TASK OBJECTIVE:
Repeat every record below exactly, leaving out the pictures.

RECORDS FOR THIS TASK:
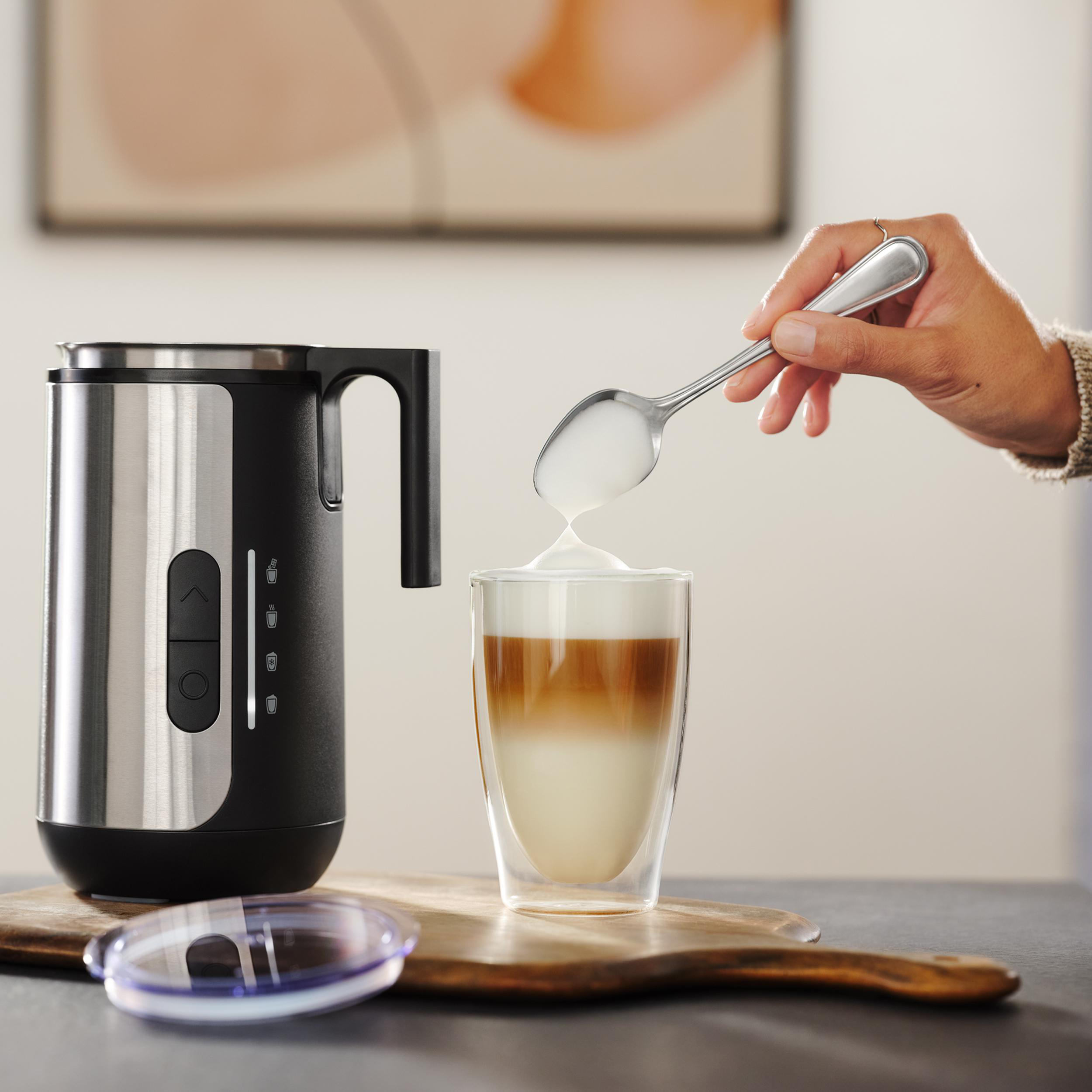 Milchaufschäumer neben Glas mit Kaffee und Milchschaum. Löffel mit Schaum.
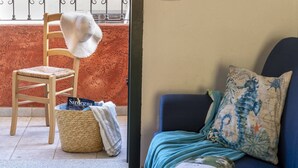 Ein Zimmer mit einem Holzstuhl, einem gewebten Korb, einer Couch mit einem gemusterten Kissen und Blick auf eine rote Wand und einen Balkon.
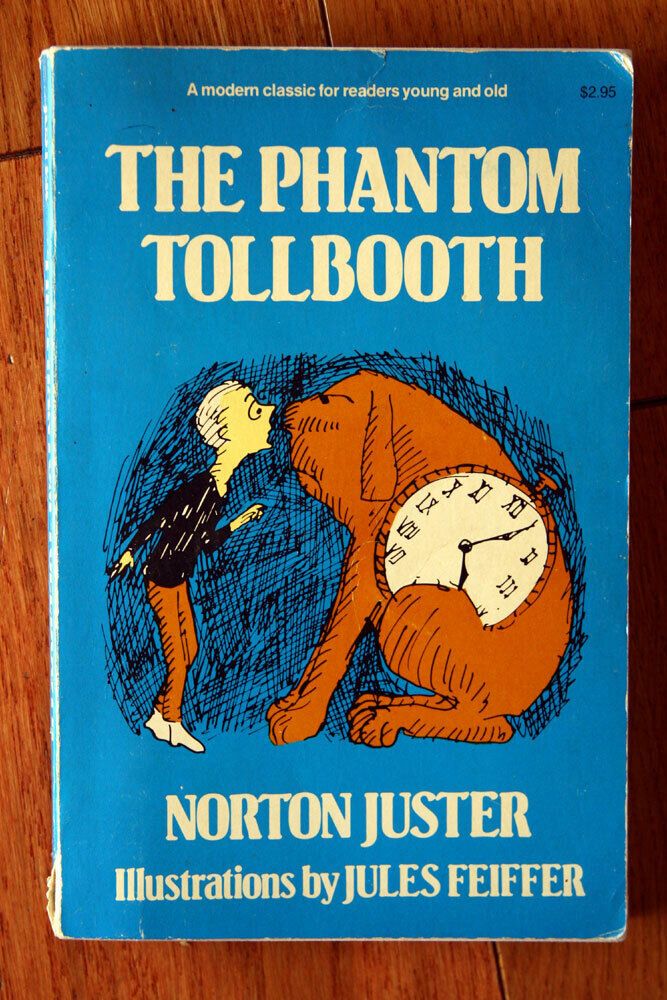 A young boy named Milo meets Tock, the watchdog (a large dog with a large clock in his midsection), on the cover of The Phantom Tollbooth paperback. 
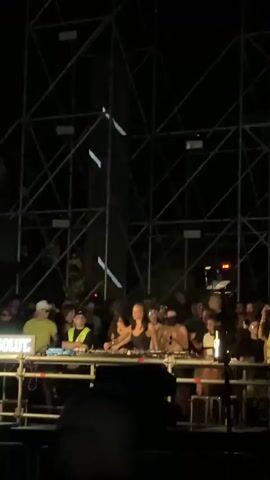 The video shows a nighttime outdoor event with a crowd gathered around a stage. A metal truss structure with lights is visible behind the stage. On the stage, there are several people operating DJ equipment. Some are wearing bright vests, suggesting they are part of the event staff. The crowd appears to be enjoying the music and atmosphere, with some individuals visible closer to the stage. The lighting is dynamic, with spotlights and illuminated vertical bars on the truss. The overall scene suggests a music festival or concert.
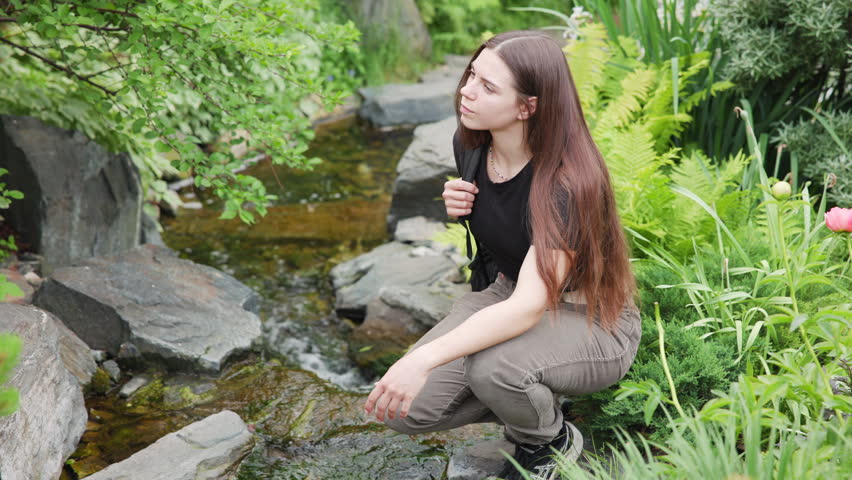 Young woman crouching beside garden stream inspecting water and plants in lush backyard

TASK RESPONSE:
 Milchaufschäumer neben Glas mit Kaffee und Milchschaum. Löffel mit Schaum.
 Ein Zimmer mit einem Holzstuhl, einem gewebten Korb, einer Couch mit einem gemusterten Kissen und Blick auf eine rote Wand und einen Balkon.
 A young boy named Milo meets Tock, the watchdog (a large dog with a large clock in his midsection), on the cover of The Phantom Tollbooth paperback. 
 The video shows a nighttime outdoor event with a crowd gathered around a stage. A metal truss structure with lights is visible behind the stage. On the stage, there are several people operating DJ equipment. Some are wearing bright vests, suggesting they are part of the event staff. The crowd appears to be enjoying the music and atmosphere, with some individuals visible closer to the stage. The lighting is dynamic, with spotlights and illuminated vertical bars on the truss. The overall scene suggests a music festival or concert.
 Young woman crouching beside garden stream inspecting water and plants in lush backyard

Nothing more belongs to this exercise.